* **Task goal**:
Up to and including the line holding "unfurnished room featuring", write out the data exactly from its first line, but not the pictures.

Data section start

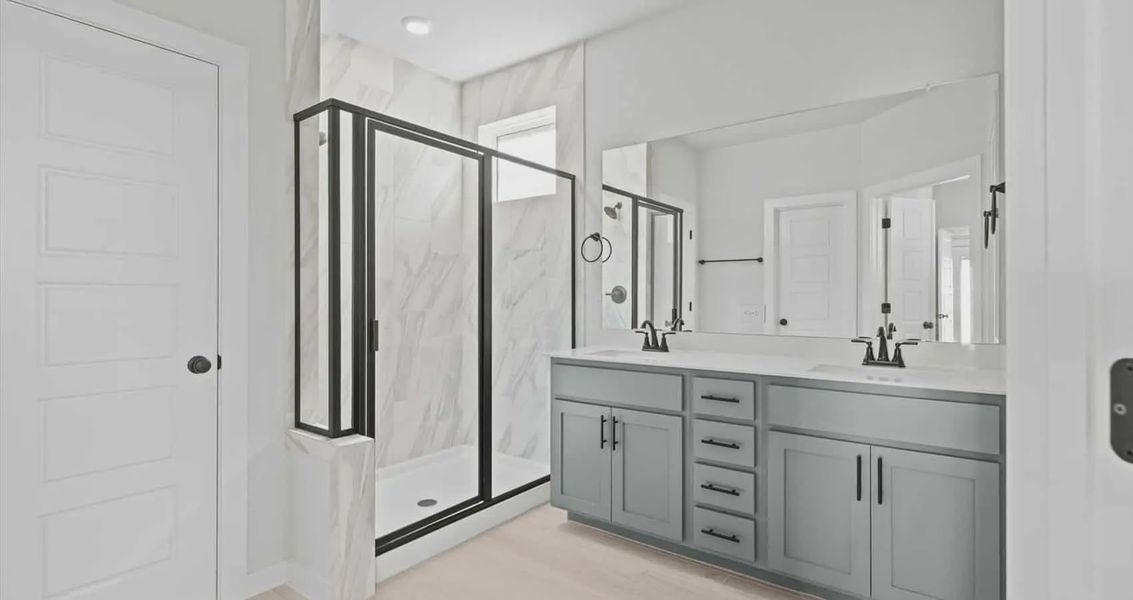 Representative furnished interior of a home built from the Avril by Chesmar Homes in Trace, New Caney (Image 6).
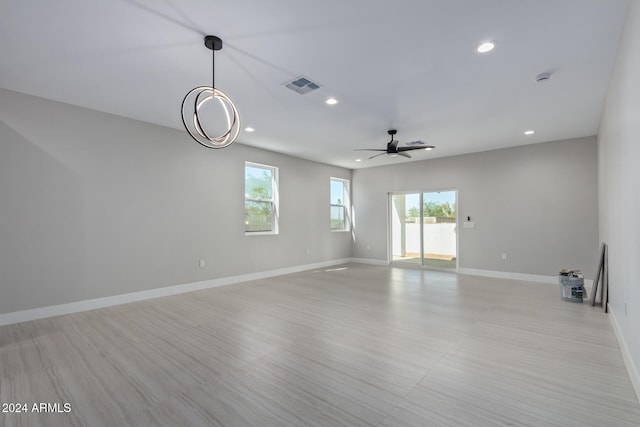 unfurnished room featuring light hardwood / wood-style floors, ceiling fan, and a wealth of natural light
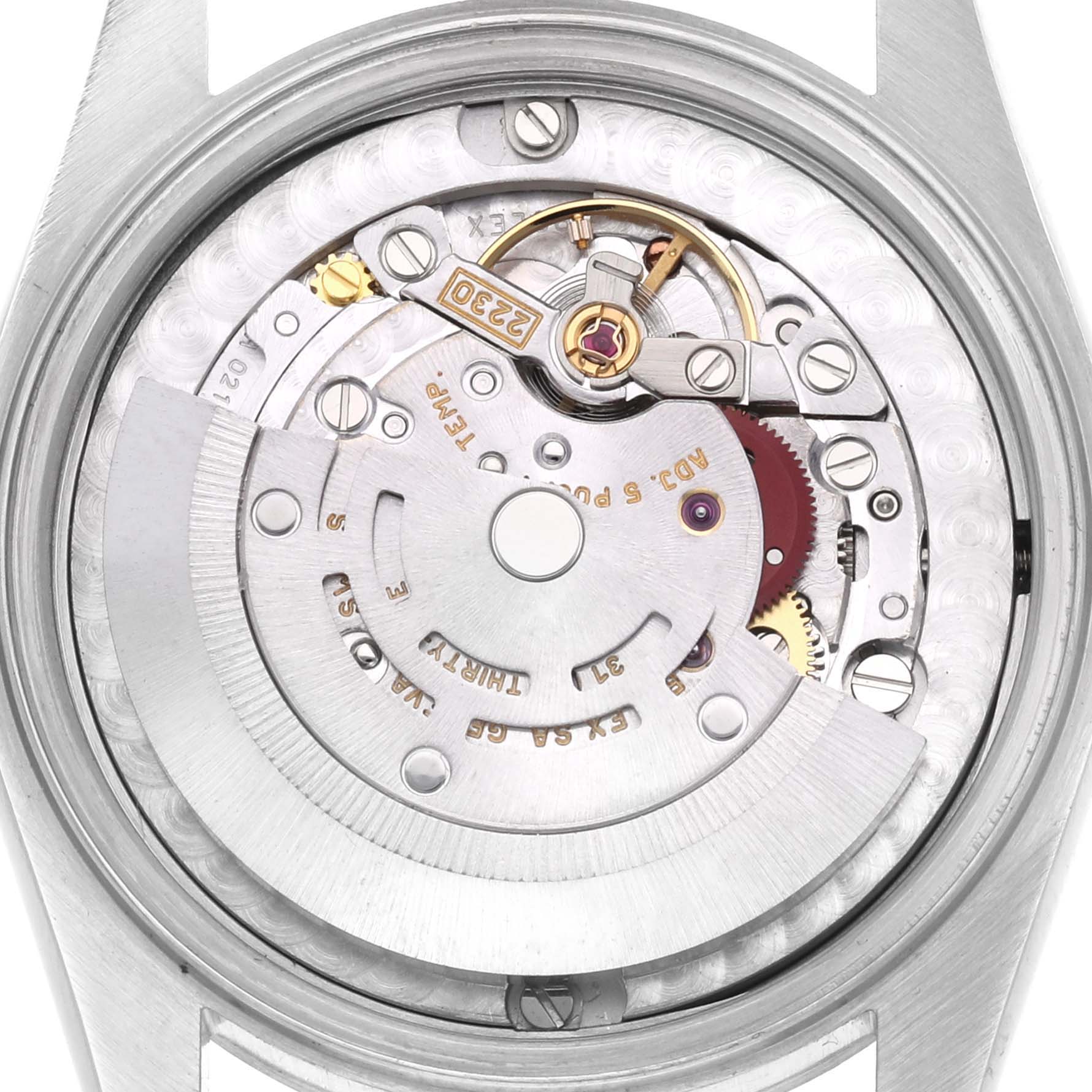 The image shows the movement of a Rolex Mid-Size 77080 Women's Stainless Steel Pink Dial 77080 Women's Stainless Steel Pink Dial watch from a top-down angle, highlighting its intricate components.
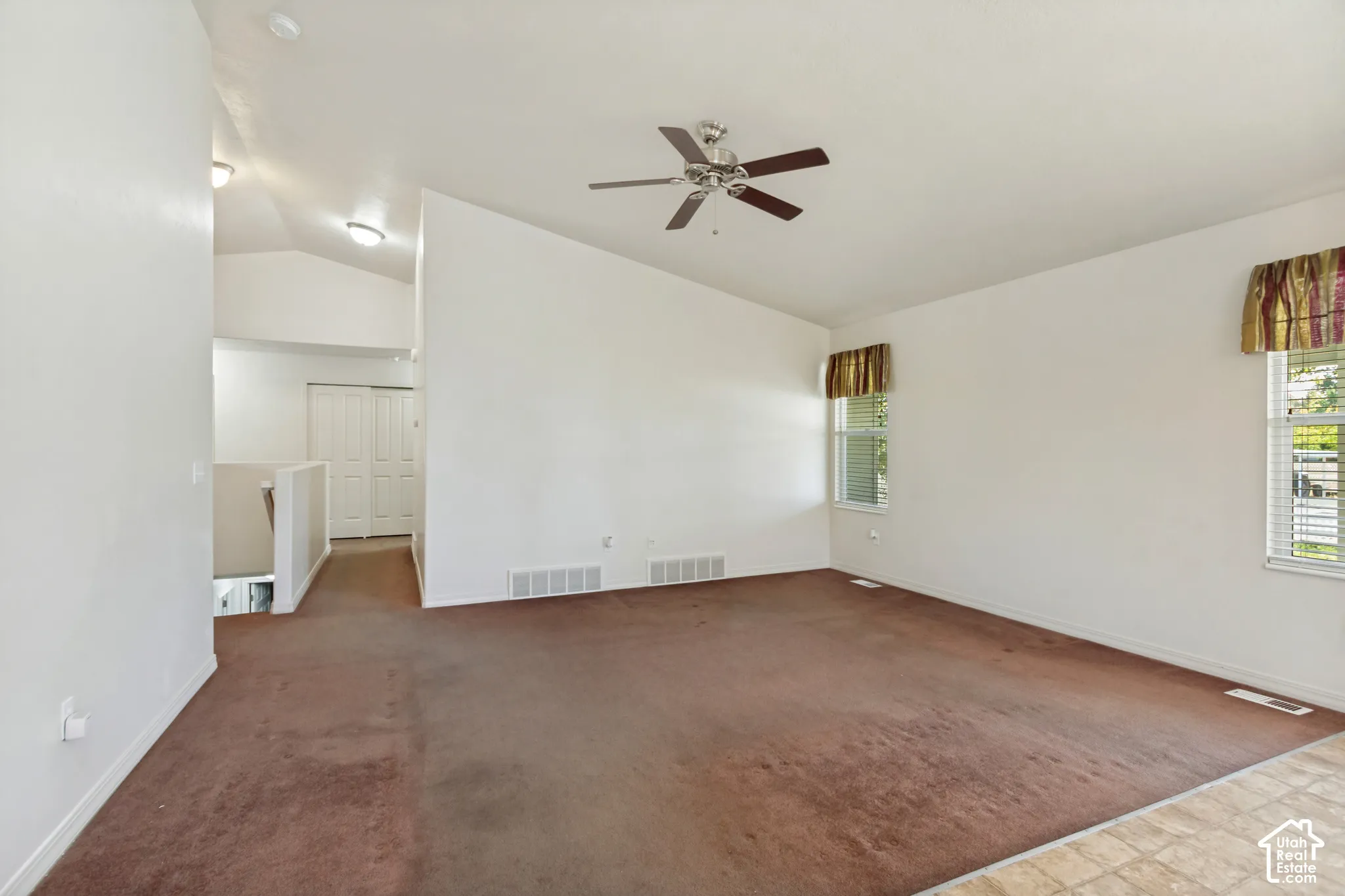 Vaulted ceiling, ceiling fan, two windows, two-panel closet doors, and mixed flooring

Data section end

* **Response to this task**:
 Representative furnished interior of a home built from the Avril by Chesmar Homes in Trace, New Caney (Image 6).
 unfurnished room featuring light hardwood / wood-style floors, ceiling fan, and a wealth of natural light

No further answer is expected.